Parking in Freiburg, Germany

By Stephen O. Addison, Jr.
This item appears on page 14 of the April 2014 issue.

Freiburg is reputed to be both the warmest and the sunniest town in Germany. When my wife and I visited this “jewel of the Black Forest” in late November 2013, it was at least somewhat sunny, but temperatures were near freezing.

Like many travelers, we were there to see the town’s medieval Altstadt (Old Town) and cathedral, along with its Christmas markets. In addition to enjoying our brief visit to this university town, we learned some useful information about parking in Freiburg.

Travelers arriving in the city by train have it easy. From the train station, it’s only a 10- to 15-minute walk or a couple of tram stops to the heart of the Altstadt. However, if you’re driving, it’s not so simple.

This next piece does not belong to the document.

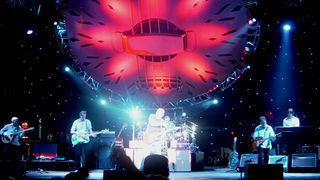 Mark Knopfler u Zagrebu, 9. lipnja 2008.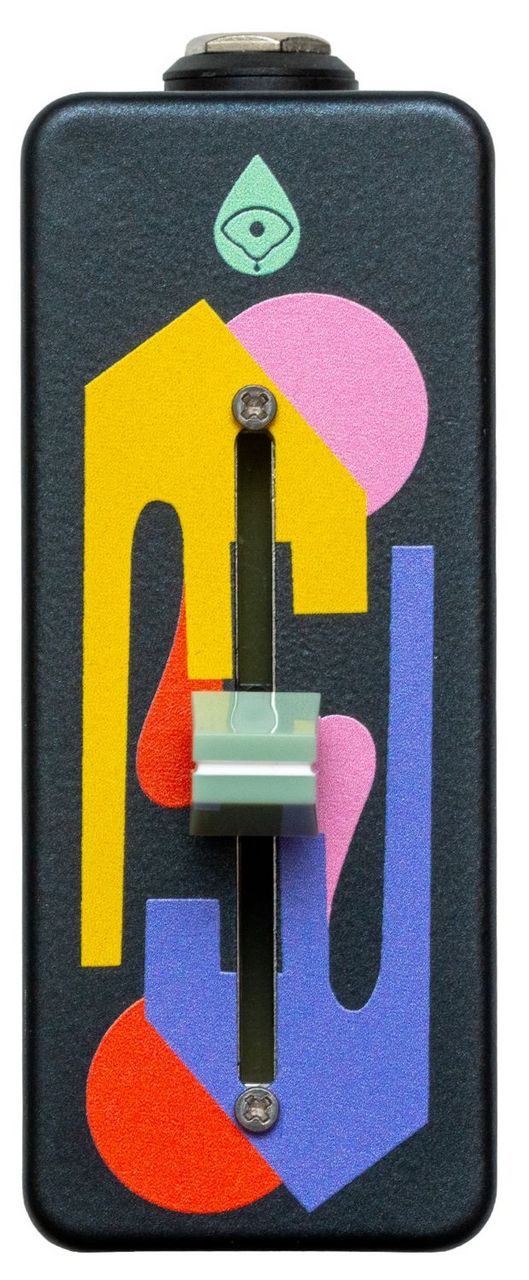 Old Blood Noise Endeavors EXPRESSION SLIDER エクスプレッション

Freiburg prides itself on being a “green” city. Consequently, there are restrictions on where you can drive, unless you have a special green zone permit. Even if you’re authorized to drive deep into the city, on-street parking is typically by permit only, leaving expensive and potentially difficult-to-find parking garages as your main option. (See this page [in German] for garage locations.)

Rathausplatz Christmas market — Freiburg. Photo: Addison

Fortunately, the city provides free park-and-ride (P+R) lots outside of the green zone. These parking lots are located near public transportation, which can take you to and from the Altstadt.

Discovering where to park was more challenging than it needed to be. Both of our Germany guidebooks (by Lonely Planet and Rick Steves) were silent on this subject. 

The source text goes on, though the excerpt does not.